Conway along with James Halverson, David Lofy and Kurtis Polishinkski were the four current UW-Eau Claire students who participated in the parade, with four alumni.

The students had this opportunity to march in front of millions, donning the group’s white and green uniforms, because they are all current or former members of The Madison Scouts Drum & Bugle Corps. The Madison Scouts is a premiere youth group based on performing.
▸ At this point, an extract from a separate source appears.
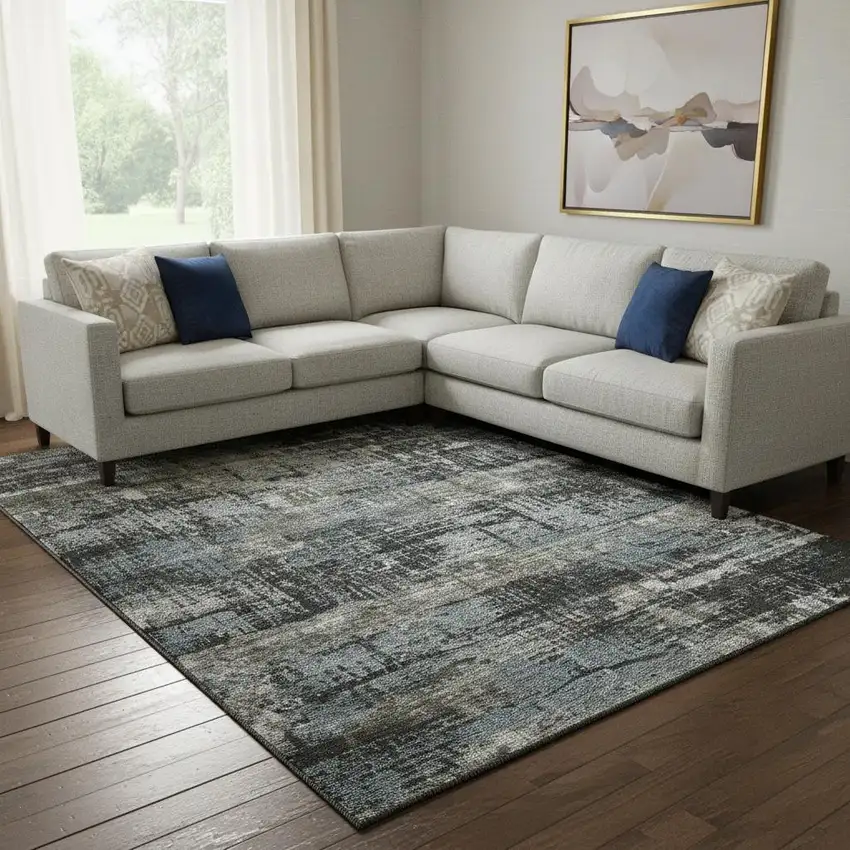 Charcoal Gray And Taupe Geometric Washable Area Rug With UV Protection Photo 2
It selects its members from an audition process, and each summer the group tours the country.

More than two years ago a former director of The Madison Scouts contacted the folks at Macy’s to vie for the group to have a spot in the famous parade.

“This is the biggest coverage our group will ever see,” Halverson said, noting the group was the “Santa band,” marching in front of the parade’s famous grand finale: Santa on his sleigh. “It was just fun to be there and be in the city.”

The experience culminated in the band standing on the steps of The New York Post Office, playing a song and literally stopping traffic, Halverson said, noting it made him and the others “feel like little celebrities for a bit.”

The opportunity to march the streets of the Big Apple was open to anyone who has ever been involved with the scouts. It attracted 329 alumni, 97 current members ranging from 15-75 years old and from 40 states and six different countries.

The group’s executive director, Chris Komnick, said in a press release the parade provided a great opportunity to celebrate the 76-year history of the corps.

Conway said the nearly 3-mile trek from Central Park to Macy’s Herald Square was cold, but thrilling, an experience he is “struggling to put into words.”

The New Yorkers and tourists alike who lined the parade route cheered excitedly the entire time, Conway recalled. He said the energy from the crowd was exhilarating and so loud that he was unable to hear his own mother’s encouraging words from the sidelines.

Mostly, it offered the group a chance to reunite with people they hadn’t seen for a while or alumni they had never met, Conway said, noting rekindling those relationships was a highlight for him.

“After thinking my time was done with marching, this was a really rare opportunity,” Conway said.

“It was a once in a lifetime opportunity, so I wanted to seize it,” Halverson echoed.